As to the alleged prescription, suffice it to say that by voluntarily furnishing medical service and supplies MERALCO dispensed with the need for petitioner to file his Notice of Sickness within the time limit therefore (Section 24, Workmen's Compensation Act). With regard to the two-month period for the filing of a claim for compensation, the same should be counted from the date when the disease or illness becomes compensable, that is, from the date the employee becomes physically disabled to work (Peter Paul Philippine Corporation vs. Workmen's Compensation Commission, L-19612, July 30, 1964). Petitioner herein was thus disabled only on November 25, 1959. While his formal claim was filed on March 10, 1960, or beyond the two-month period, his request for retirement on November 25, 1959 predicated on sickness causing his disability from working until his scheduled retirement on December 31, 1959, substantially fulfills the requirement of a claim, for then the company cannot plead surprise in the preparation of its defense, which is the only reason for requiring an early filing of the claim on the part of the employee (Luzon Stevedores Co., Inc. vs.
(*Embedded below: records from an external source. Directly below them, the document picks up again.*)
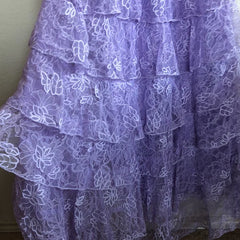 Lilac Lace Long prom dress Evening Gown Party Dress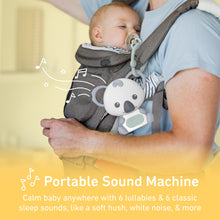 Load image into Gallery viewer, PureBaby® Hanging Koala Sound Machine. Calm baby anywhere with 6 lullabies &amp; 6 classic  sleep sounds, like a soft hush, white noise, &amp; more.
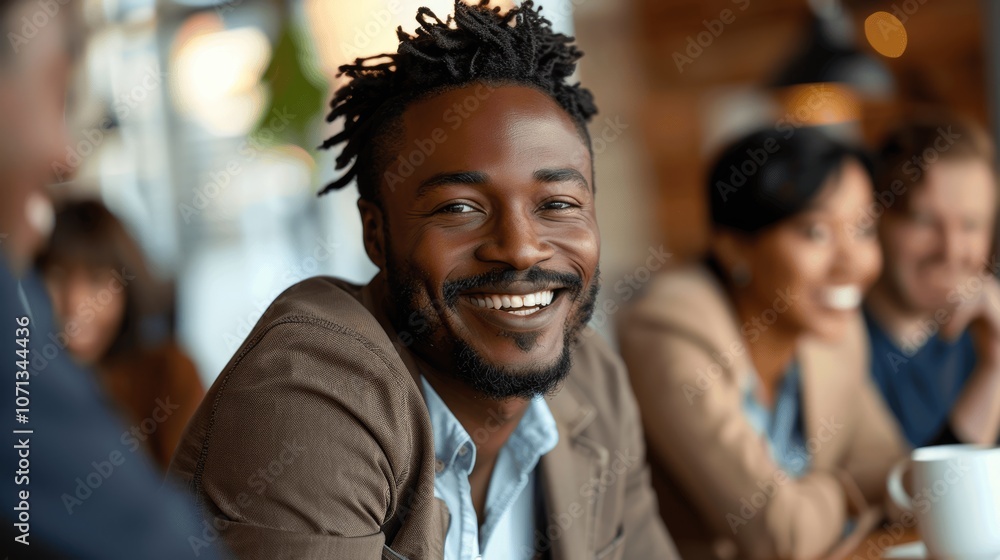 Smiling Black Man with Colleagues in Office Meeting Smiling Black Man with Colleagues in Office Meeting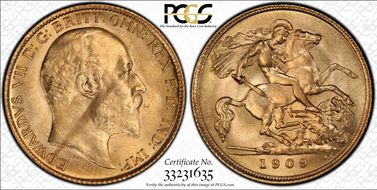 1909 1/2 Sov S-3974B MS63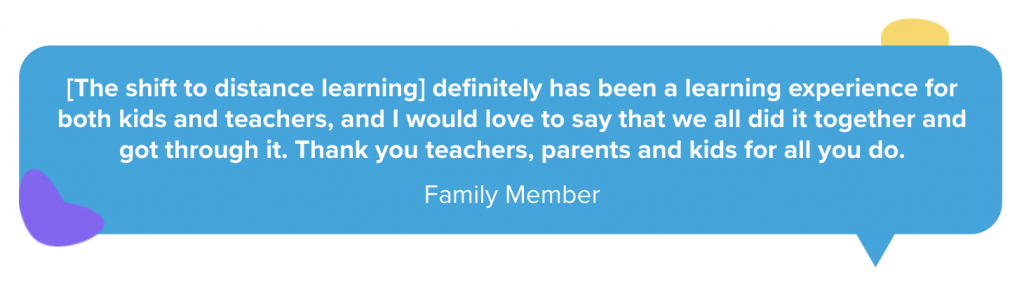 Family quote about distance learning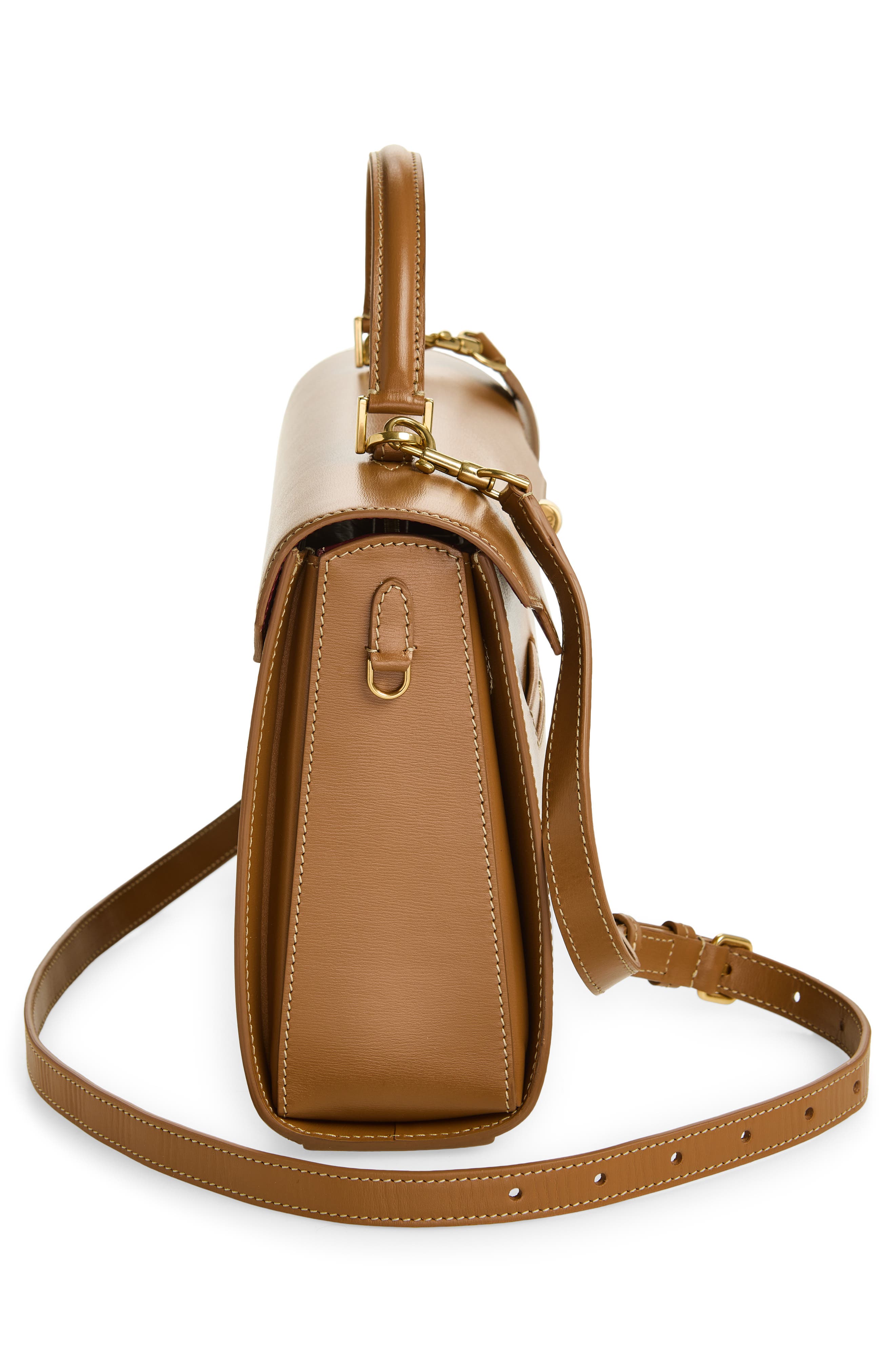 Anya Hindmarch Mortimer Leather Top Handle Bag, Alternate, color, Pecan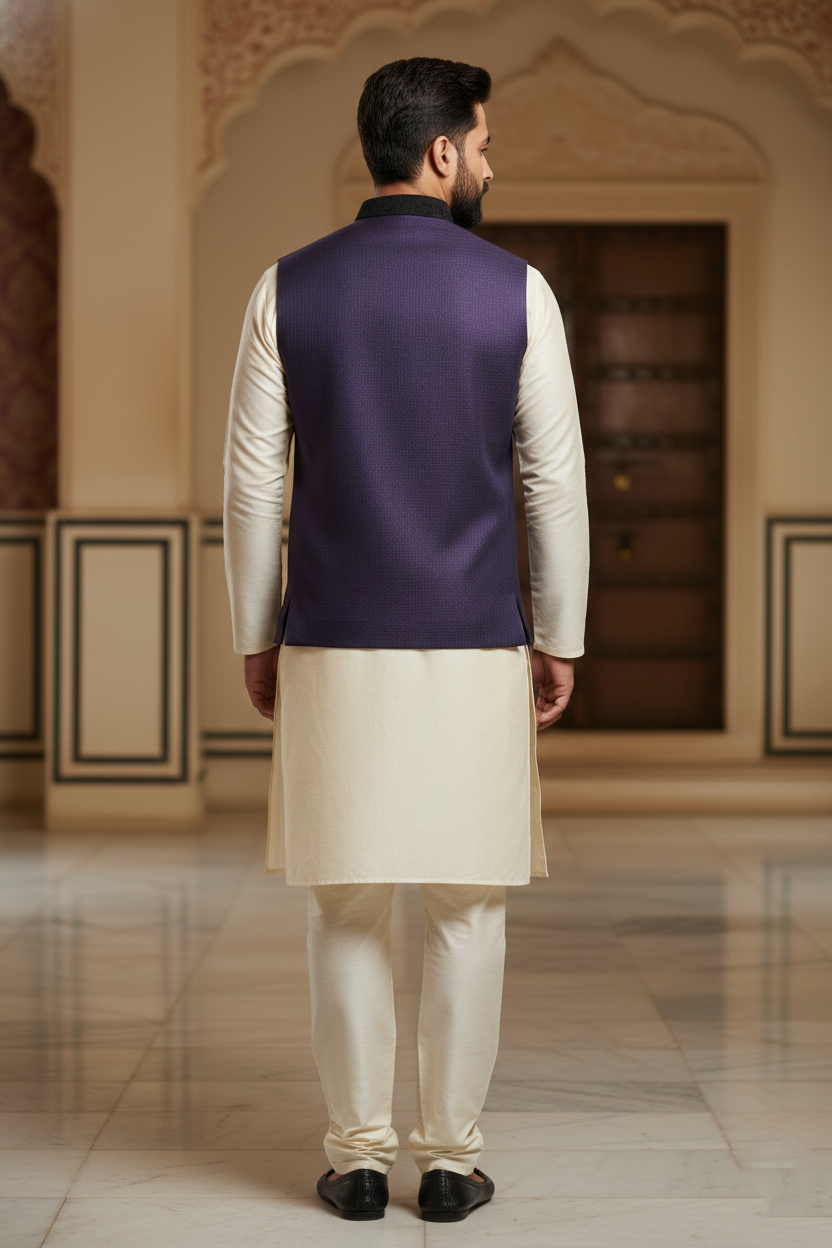 Men's Royal Purple Textured Nehru Jacket – Luxury Velvet Trim Ethnic Waistcoat for Weddings & Parties
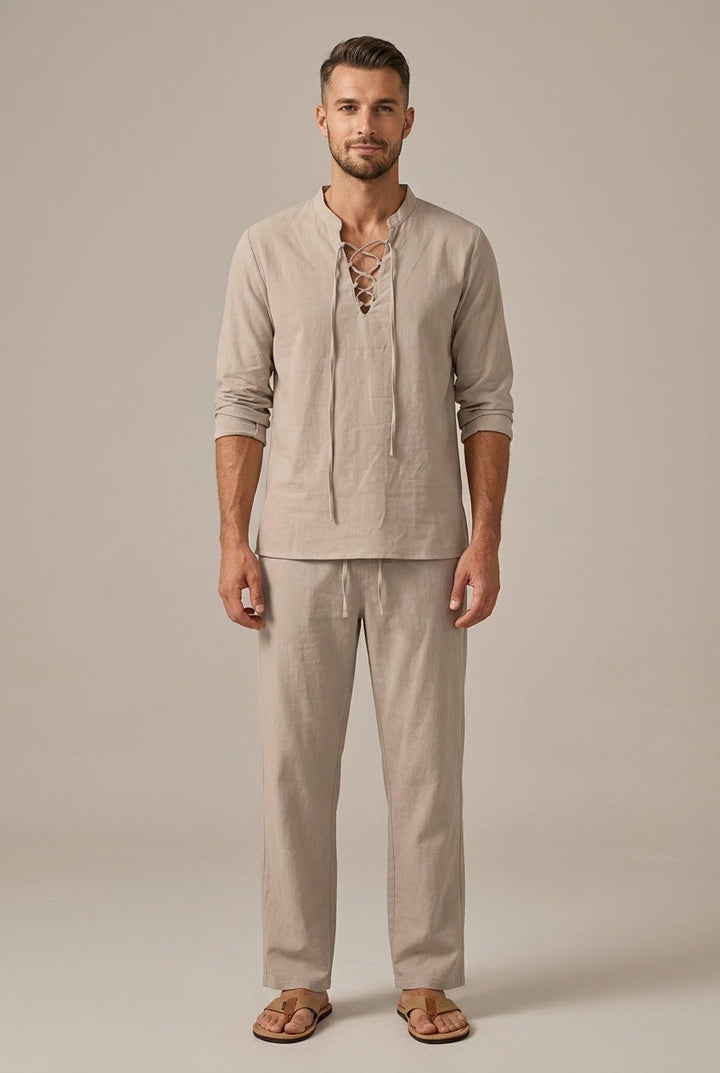 Men's linen blend two-piece set featuring a lace-up V-neck shirt and wide-leg trousers, perfect for summer resort wear.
WCC, L-19742, January 31, 1964).
Petitioner's applicable average weekly wage has been shown to be P69.60 (P11.60 x 6 days). Sixty per cent thereof is P41.76, so he is entitled to the maximum of P35.00 weekly compensation for the period from November 25, 1959 to December 31, 1959, exclusive of the first three days pursuant to Section 14 of the Workmen's Compensation Act.
Wherefore, the decision appealed from is reversed and respondent Manila Electric Company (MERALCO) is hereby ordered to pay petitioner the compensation payment of P35.00 per week for the period from November 25, 1959 to December 31, 1959, exclusive of the first three days. Respondent is further ordered to pay to the Workmen's Compensation Commission the expenses provided for in Sec. 55 of Act No. 3428. No costs in this instance.
It is so ordered.
Bengzon, C. J., Bautista Angelo, Reyes, J. B. L., Barrera, Paredes, Dizon, Regala, Makalintal and Zaldivar, JJ., concur.